- **Material provided**:

* * * * * * *

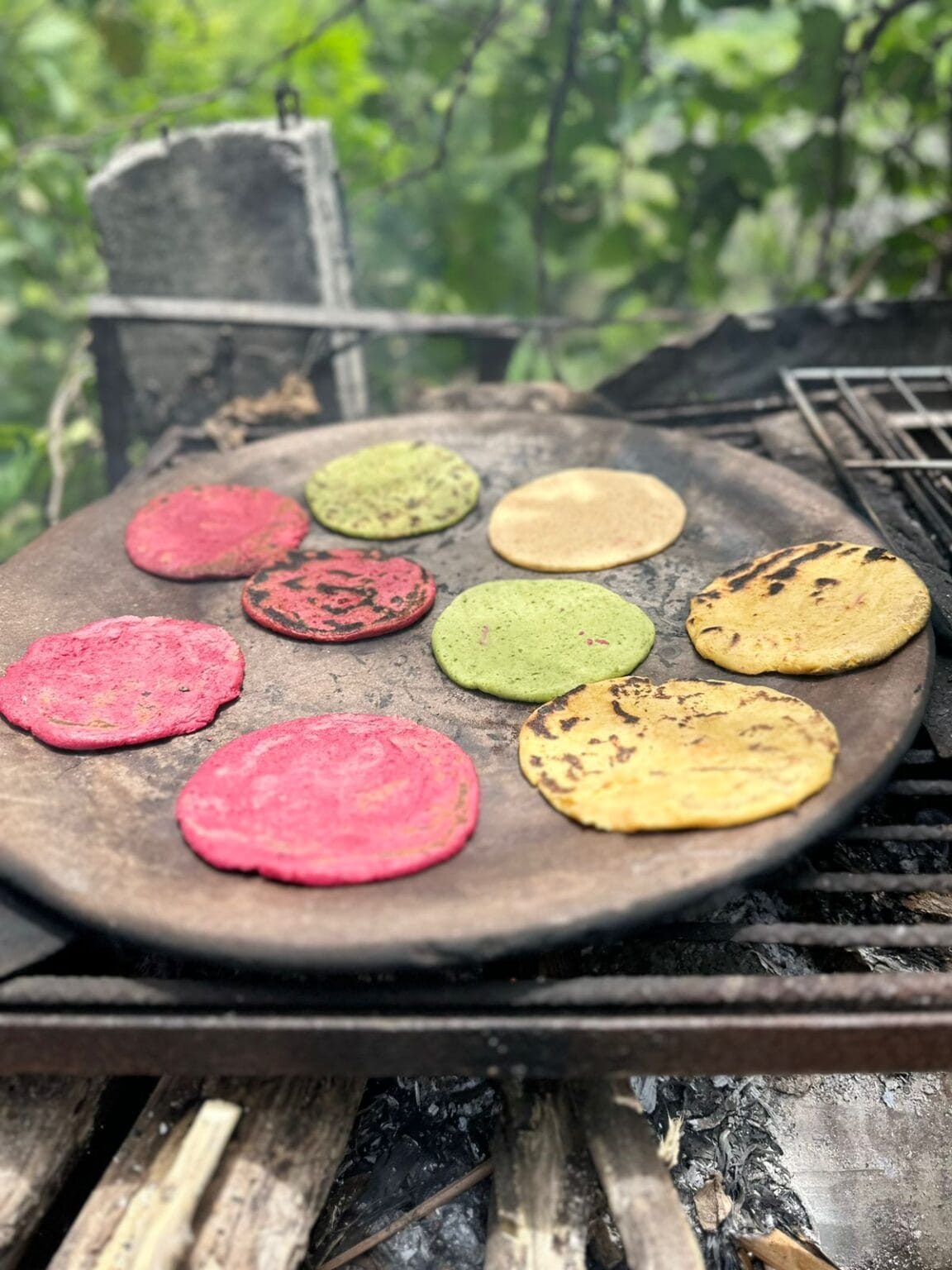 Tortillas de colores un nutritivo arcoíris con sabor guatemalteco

* * * * * * *

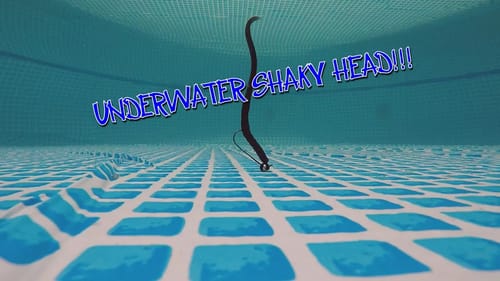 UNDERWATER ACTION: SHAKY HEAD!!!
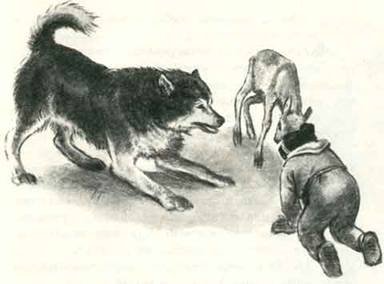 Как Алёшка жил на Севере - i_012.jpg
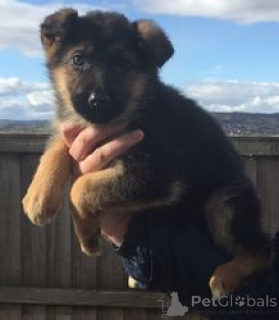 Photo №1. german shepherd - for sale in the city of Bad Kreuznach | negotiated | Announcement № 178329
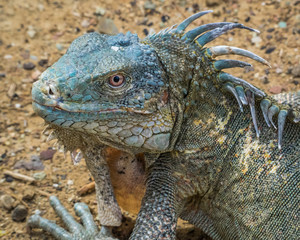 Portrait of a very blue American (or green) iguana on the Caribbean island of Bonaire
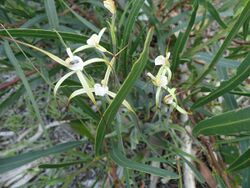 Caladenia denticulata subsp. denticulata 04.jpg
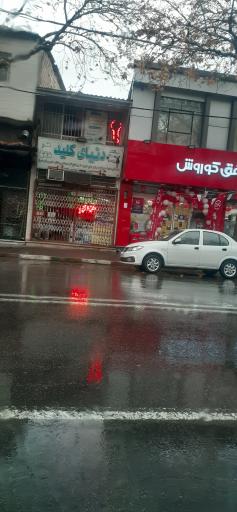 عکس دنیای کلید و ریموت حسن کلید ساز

* * * * * * *

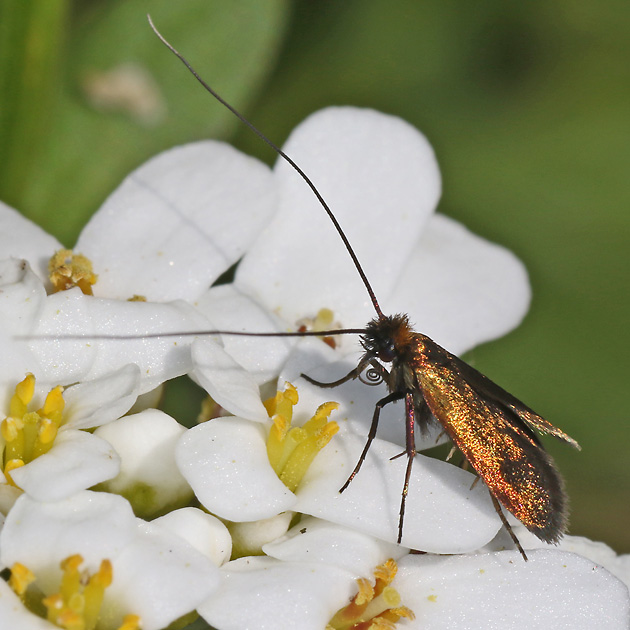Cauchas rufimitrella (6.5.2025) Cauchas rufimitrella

* * * * * * *

Copy exactly, without pictures, the lines above from the one with "Как Алёшка жил на Севере - i_012.jpg" down to the one with "عکس دنیای کلید و ریموت حسن کلید ساز", inclusive.

 Как Алёшка жил на Севере - i_012.jpg
 Photo №1. german shepherd - for sale in the city of Bad Kreuznach | negotiated | Announcement № 178329
 Portrait of a very blue American (or green) iguana on the Caribbean island of Bonaire
 Caladenia denticulata subsp. denticulata 04.jpg
 عکس دنیای کلید و ریموت حسن کلید ساز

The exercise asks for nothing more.